### RECORDS FOR PROCESSING
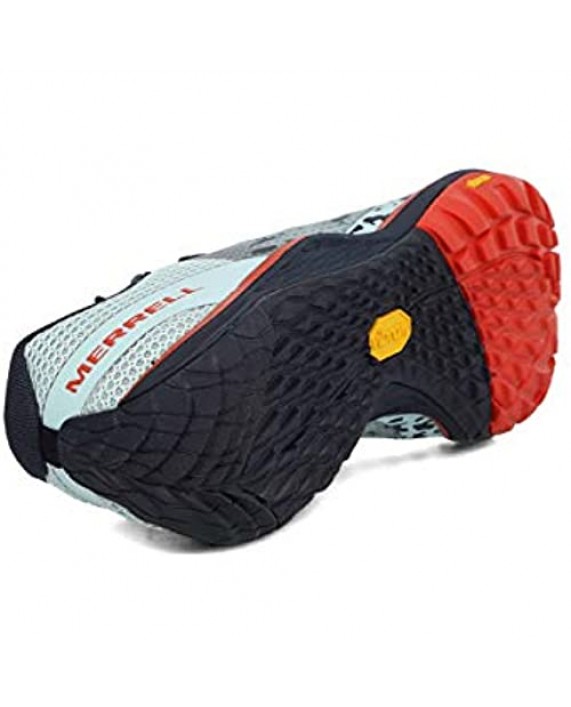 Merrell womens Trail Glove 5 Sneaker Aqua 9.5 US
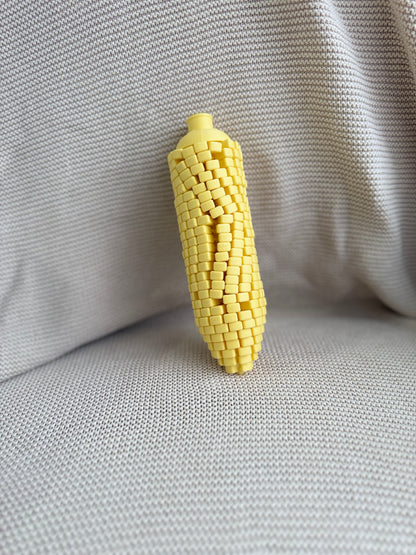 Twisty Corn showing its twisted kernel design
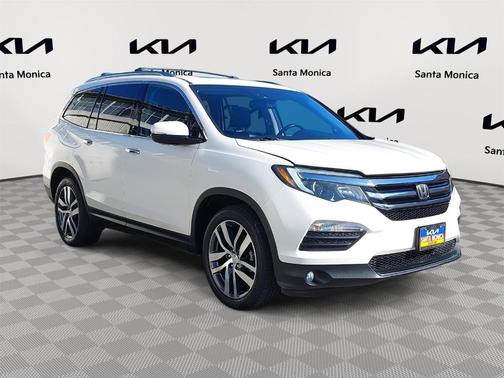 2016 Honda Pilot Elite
---
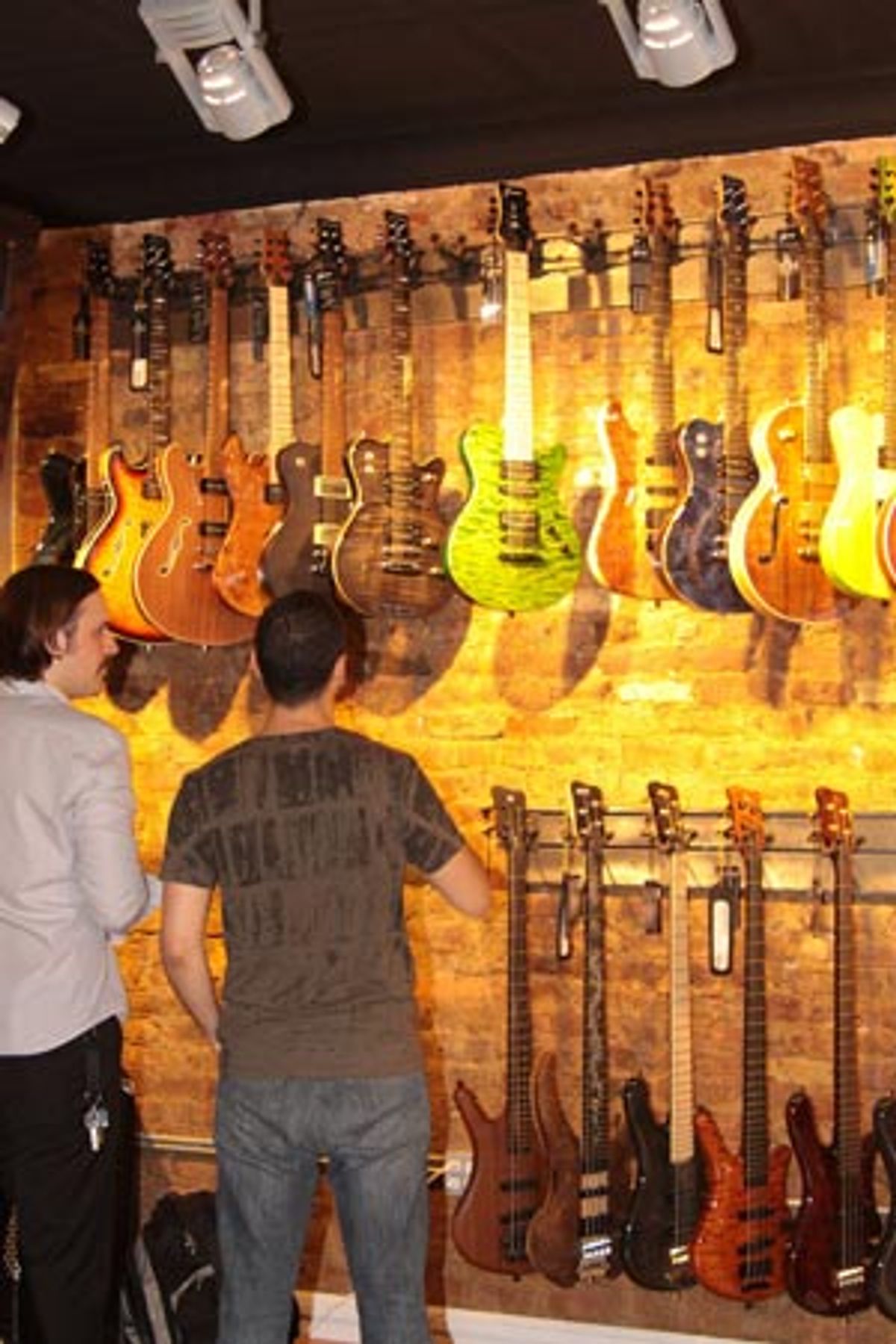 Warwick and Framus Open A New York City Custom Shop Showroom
==
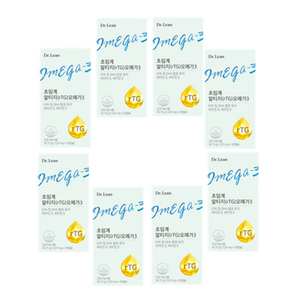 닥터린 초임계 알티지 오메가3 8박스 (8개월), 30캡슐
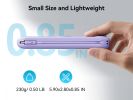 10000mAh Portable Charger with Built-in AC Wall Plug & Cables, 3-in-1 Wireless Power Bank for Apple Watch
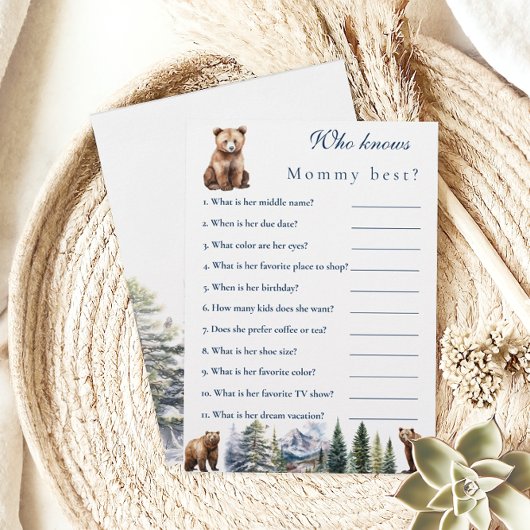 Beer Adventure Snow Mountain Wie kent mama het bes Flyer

### EXERCISE DESCRIPTION
Transcribe the lines above exactly, beginning at the one with "닥터린 초임계 알티지 오메가3 8박스 (8개월), 30캡슐" and ending at the one with "Beer Adventure Snow". Include both; exclude the pictures.

### COMPLETED TASK
 닥터린 초임계 알티지 오메가3 8박스 (8개월), 30캡슐
 10000mAh Portable Charger with Built-in AC Wall Plug & Cables, 3-in-1 Wireless Power Bank for Apple Watch
 Beer Adventure Snow Mountain Wie kent mama het bes Flyer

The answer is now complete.